The vast total marked a ballooning of the deficit from £13.7 billion in the previous quarter, and saw it swell to a massive 5.7 per cent of national income.
As a proportion of GDP, this left Britain's balance of payments as deep in the red as that of the United States.
The percentage deficit matched records set in the 1980s boom.
Earlier quarters' current account deficits were also revised up, with the overall total for 2006 now put at 3.9 per cent of GDP, against previous estimates of a more modest 2.5 per cent.
The pound's overall value on its trade-weighted index tumbled to its lowest level for a year and a half, and shed more than two cents against the dollar, as economists said that the situation looked unsustainable and left Britain exposed to a difficult rebalancing of the economy.

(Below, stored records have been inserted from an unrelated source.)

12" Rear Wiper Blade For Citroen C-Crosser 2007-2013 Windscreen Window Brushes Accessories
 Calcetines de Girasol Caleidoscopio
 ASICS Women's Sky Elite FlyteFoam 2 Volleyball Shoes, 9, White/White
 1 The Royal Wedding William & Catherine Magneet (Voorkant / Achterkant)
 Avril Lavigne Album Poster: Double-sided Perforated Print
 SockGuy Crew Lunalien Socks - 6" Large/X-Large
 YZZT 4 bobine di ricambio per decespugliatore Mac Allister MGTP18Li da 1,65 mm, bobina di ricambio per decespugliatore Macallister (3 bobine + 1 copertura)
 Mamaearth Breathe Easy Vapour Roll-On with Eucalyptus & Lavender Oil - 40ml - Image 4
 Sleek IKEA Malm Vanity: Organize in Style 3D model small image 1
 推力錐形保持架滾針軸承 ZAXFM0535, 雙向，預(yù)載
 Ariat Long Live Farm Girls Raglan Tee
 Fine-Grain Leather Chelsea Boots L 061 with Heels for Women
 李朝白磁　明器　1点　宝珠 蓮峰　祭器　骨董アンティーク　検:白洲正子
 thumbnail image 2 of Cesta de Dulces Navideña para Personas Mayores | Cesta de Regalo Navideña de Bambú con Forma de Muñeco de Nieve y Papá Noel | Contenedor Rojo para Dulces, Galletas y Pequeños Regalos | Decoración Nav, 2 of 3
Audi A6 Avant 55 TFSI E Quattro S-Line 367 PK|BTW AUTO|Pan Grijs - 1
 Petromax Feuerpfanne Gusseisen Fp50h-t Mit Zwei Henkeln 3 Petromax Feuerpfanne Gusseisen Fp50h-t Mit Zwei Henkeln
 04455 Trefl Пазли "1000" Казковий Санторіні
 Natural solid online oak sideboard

Analysts cautioned that a further slide in the pound, fuelling inflationary pressures, could hinder the Bank of England's ability to fend off a downturn with aggressive cuts in interest rates.
The severe deterioration in the balance of payments was driven by a combination of a record £22.6 billion trade deficit in Q3, with an abrupt shift in Britain's investment income from abroad. In the past, Britain has raked in far more on income from its direct investments in companies and projects abroad than it has paid out to foreigners investing in the UK, but the position has now worsened markedly.
The nation's surplus on direct investment income in Q3 fell to £4.9 billion, from £7.5 billion in Q2, while £23 billion was wiped off a revised surplus for the past 18 months.
Economists pinned the blame on a boom in foreign direct investment and takeovers in the UK, meaning the country must pay out more overseas on income on the assets that have been bought up.
In a further headache for the Chancellor, yesterday's poor data on the public finances sparked renewed warnings that government borrowing could surge well above £40 billion for the present financial year, against a £38 billion Treasury forecast, and reach annual totals as high as £50 billion in future years.
November saw monthly public borrowing in the red by a record £11.2 billion, compared with £9.2 billion in the same month last year, as government spending rose faster than implied by Treasury plans, and despite strong tax revenues.
For the eight months of the financial year so far, borrowing has reached £36.2 billion, up from £26 billion in the same period last year, and also a record.
Economists said Mr Darling could be forced to impose tougher curbs on spending if the credit crisis hits tax revenues from City institutions.
“The Chancellor is likely to be playing Scrooge for some years in order to get this uncomfortably high budget deficit back under control,” John Hawksworth, of PricewaterhouseCoopers, said.
Other GDP figures yesterday showed that while GDP growth remained strong in Q3, at an upgraded 3.3 per cent annual pace, this was driven by resilient consumer spending that seemed to come at the expense of households dipping into savings.
The savings ratio, a key gauge of what people are putting aside from pay, fell from 4 per cent to 3.4 per cent in the quarter.